2016-03-31 17:04:26 +00:00
/* memmove/memcpy/mempcpy with unaligned load/store and rep movsb
Copyright (C) 2016 Free Software Foundation, Inc.
This file is part of the GNU C Library.
The GNU C Library is free software; you can redistribute it and/or
modify it under the terms of the GNU Lesser General Public
License as published by the Free Software Foundation; either
version 2.1 of the License, or (at your option) any later version.
The GNU C Library is distributed in the hope that it will be useful,
but WITHOUT ANY WARRANTY; without even the implied warranty of
MERCHANTABILITY or FITNESS FOR A PARTICULAR PURPOSE. See the GNU
Lesser General Public License for more details.
You should have received a copy of the GNU Lesser General Public
License along with the GNU C Library; if not, see
<http://www.gnu.org/licenses/>. */
/* memmove/memcpy/mempcpy is implemented as:
1. Use overlapping load and store to avoid branch.
2. Use 8-bit or 32-bit displacements for branches and nop paddings
to avoid long nop between instructions.
3. Load all sources into registers and store them together to avoid
possible address overflap between source and destination.

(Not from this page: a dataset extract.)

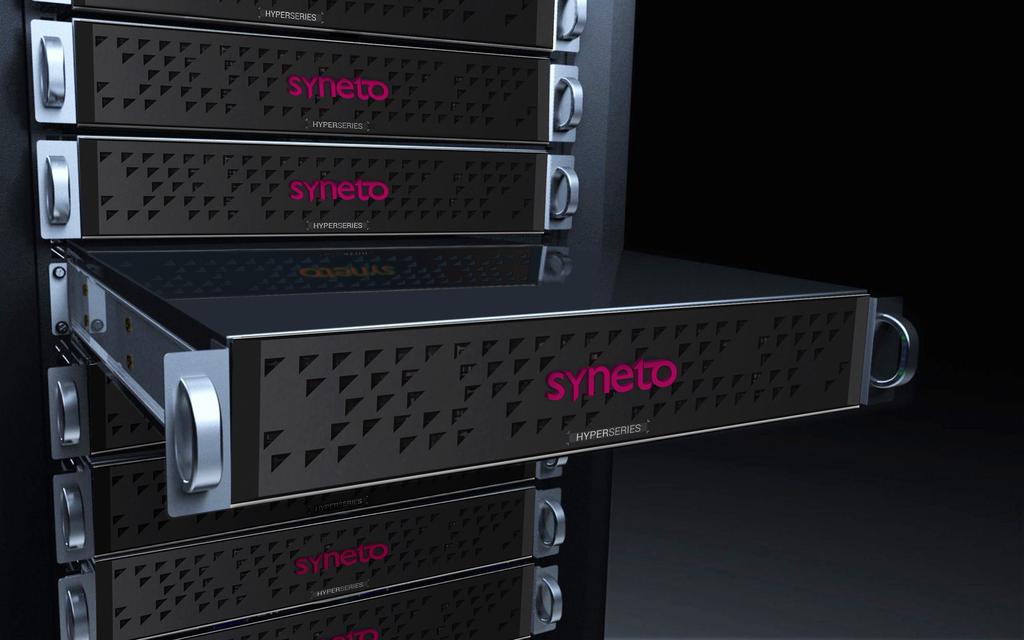 L HYPERSeries è stato progettato per superare qualunque altra soluzione iperconvergente La tradizionale combinazione iperconvergente che unisce applicazioni virtualizzate, servizi dati e reti è stata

4. If size is 2 * VEC_SIZE or less, load all sources into registers
and store them together.
5. If there is no address overflap, copy from both ends with
4 * VEC_SIZE at a time.
6. If size is 8 * VEC_SIZE or less, load all sources into registers
and store them together.
7. If address of destination > address of source, backward copy
8 * VEC_SIZE at a time.
8. Otherwise, forward copy 8 * VEC_SIZE at a time. */
#if IS_IN (libc)
# include <sysdep.h>
# include "asm-syntax.h"
# ifndef VZEROUPPER
# if VEC_SIZE > 16
# define VZEROUPPER vzeroupper
# else
# define VZEROUPPER
# endif
# endif
/* Threshold to use Enhanced REP MOVSB. Since there is overhead to set
up REP MOVSB operation, REP MOVSB isn't faster on short data. The
memcpy micro benchmark in glibc shows that 2KB is the approximate
value above which REP MOVSB becomes faster than SSE2 optimization
on processors with Enhanced REP MOVSB. Since larger register size
can move more data with a single load and store, the threshold is
higher with larger register size. */
# ifndef REP_MOVSB_THRESHOLD
# define REP_MOVSB_THRESHOLD (2048 * (VEC_SIZE / 16))
# endif
# ifndef SECTION
# error SECTION is not defined!
# endif
.section SECTION(.text),"ax",@progbits
# ifdef SHARED
ENTRY (MEMMOVE_SYMBOL (__mempcpy_chk, unaligned_2))
cmpq %rdx, %rcx
jb HIDDEN_JUMPTARGET (__chk_fail)
END (MEMMOVE_SYMBOL (__mempcpy_chk, unaligned_2))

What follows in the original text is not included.